Data supplied:
+++

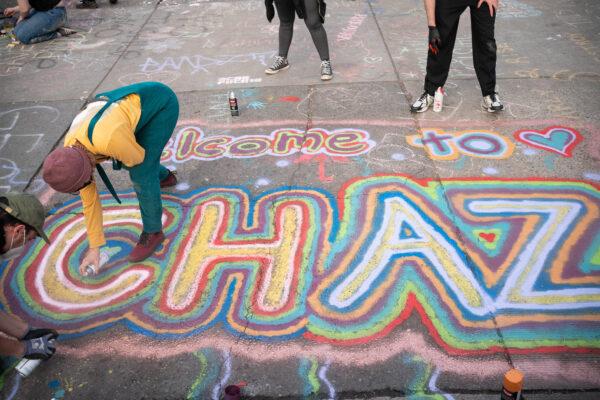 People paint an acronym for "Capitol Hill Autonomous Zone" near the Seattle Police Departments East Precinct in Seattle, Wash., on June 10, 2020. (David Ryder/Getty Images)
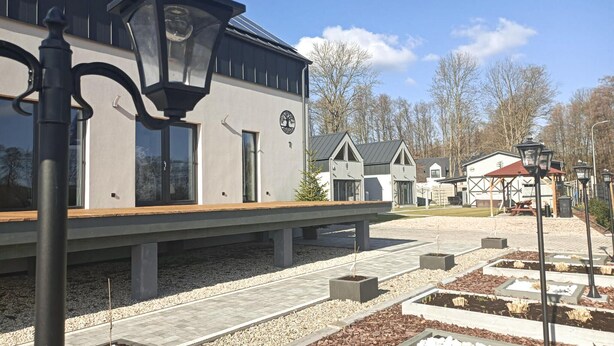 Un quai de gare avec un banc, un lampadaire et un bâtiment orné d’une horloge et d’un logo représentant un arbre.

+++

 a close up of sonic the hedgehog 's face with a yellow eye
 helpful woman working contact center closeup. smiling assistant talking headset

+++

Problem to solve: Reproduce only the lines above, starting at the line with "a close up of" and ending at the line with "helpful woman working", exactly as written.

Completed task:
 a close up of sonic the hedgehog 's face with a yellow eye
 helpful woman working contact center closeup. smiling assistant talking headset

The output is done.